Medical / forensic follow up

Contributed by Penny Pestano and Chrystina Stanford and current to January 2018

Getting Medical Attention

Following a sexual assault, the most important thing is safety, followed by medical attention - when there has been physical contact. People who have experienced a sexual assault may be concerned about injuries, aches and pains, the risk of pregnancy or whether they have contracted a sexually transmitted infection (STI). The Forensic and Medical Sexual Assault Care (FAMSAC) service provides sensitive and high quality medical follow-up for people who have experienced sexual assault. It is staffed by doctors and nurses who are trained specifically to work with victims of sexual assault, they are very knowledgeable about how sexual assaults can impact a person and their goal is to focus on helping the victim/survivor become physically healthy again. FAMSAC have both male and female medical practitioners available so victims can choose the gender of the person they feel most comfortable with.

FAMSAC can provide testing for STIs - which may take several days before they show up in the tests - and offer the emergency contraception in instances where pregnancy may be of concern. The risk of contracting HIV/Aids is very rare, however, in instances where the risk is high, post-exposure prophylaxis (PEP) may be provided to reduce the risk of contracting the virus. FAMSAC provides follow-up within 48 hours following the medical care/examination and with consent, can offer follow-up for three months.

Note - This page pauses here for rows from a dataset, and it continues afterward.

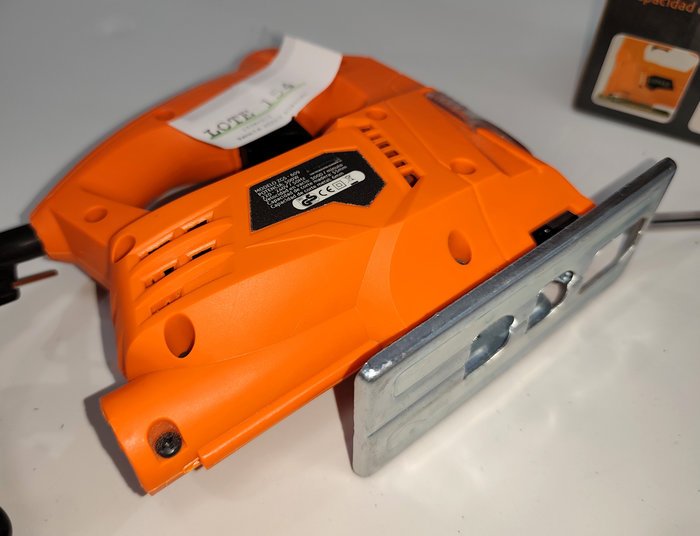 Sierra Caladora Electrónica Nueva con Accesorios - imagen 3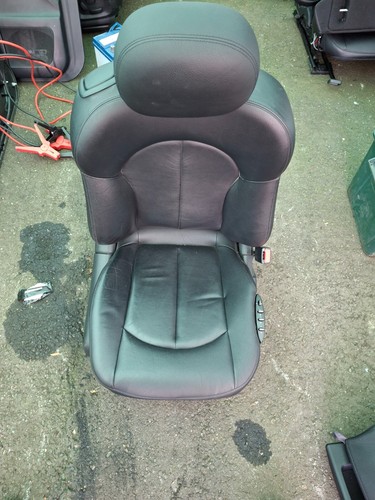 Mercedes clk seat - seat, complete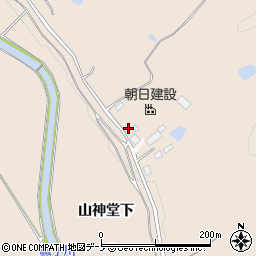 朝日建設株式会社　リサイクルセンター周辺の地図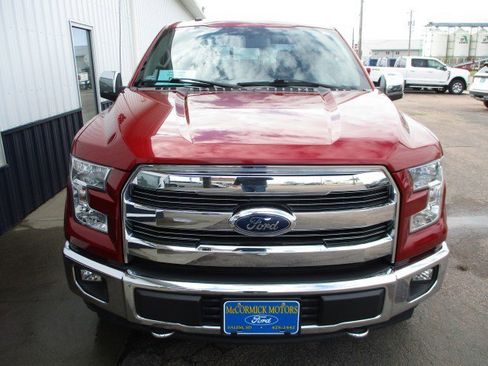 Used 2017 Ford F150 Lariat AWD/4WD image 3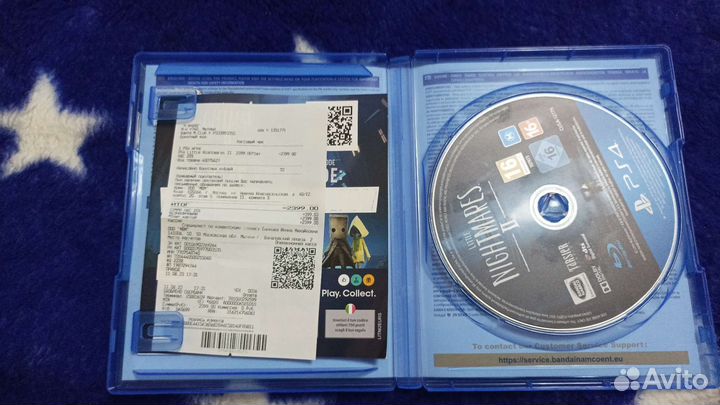 Игра little nightmares 2 для приставки PS4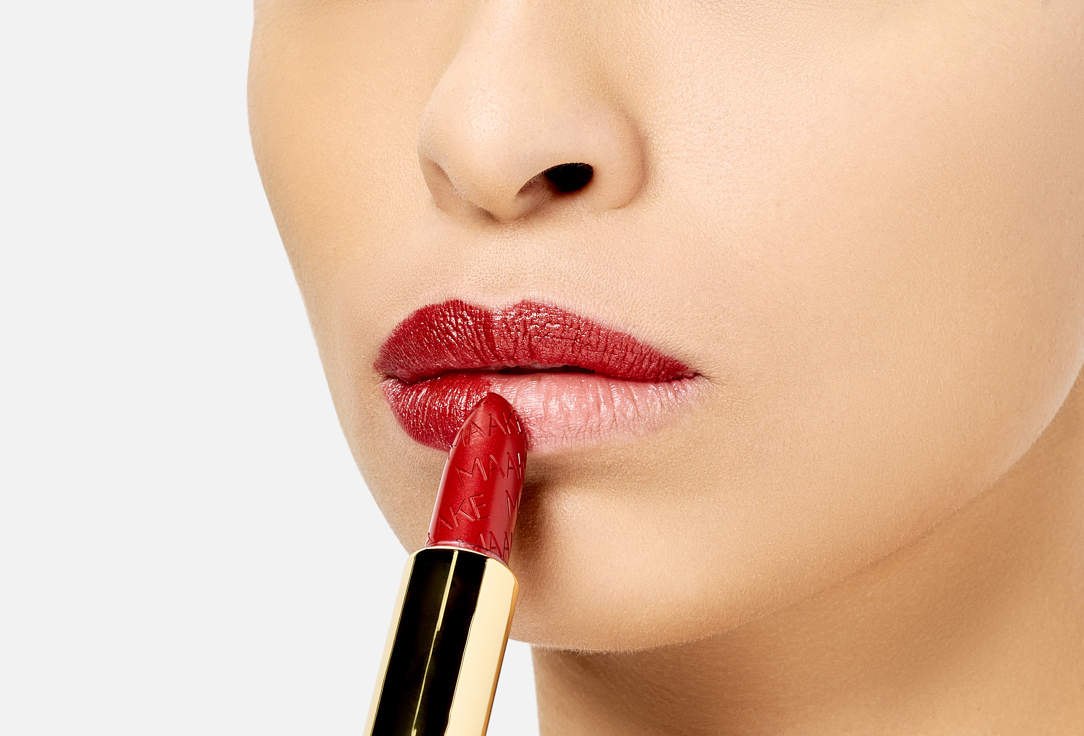 MAAKE Shiny Lipstick Metallic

People can bring a support person with them when they attend FAMSAC for a medical and/or forensic examination, a worker from the Canberra Rape Crisis Centre is available 24 hours a day to attend FAMSAC for support of victim/survivors having a medical/forensic examination.

FAMSAC services are free and confidential and the service records are kept separate from main hospital records. FAMSAC publish a number of fact sheets related to medical care following sexual assault, including Rape Related Pregnancy. These fact sheets are available through their website;

FAMSAC is at the Canberra Hospital in Woden behind the National Capital Private Hospital (NACAP) and it is co-located with the Canberra Sexual Health Centre.

Forensic Examination

Following a recent sexual assault, FAMSAC are able to collect potential forensic evidence as part of their medical examination for police investigation if the person gives consent. Forensic evidence can be collected within 72 hours of a sexual assault, indecent assault or following injuries resulting from domestic violence, however, it should be collected as soon as possible.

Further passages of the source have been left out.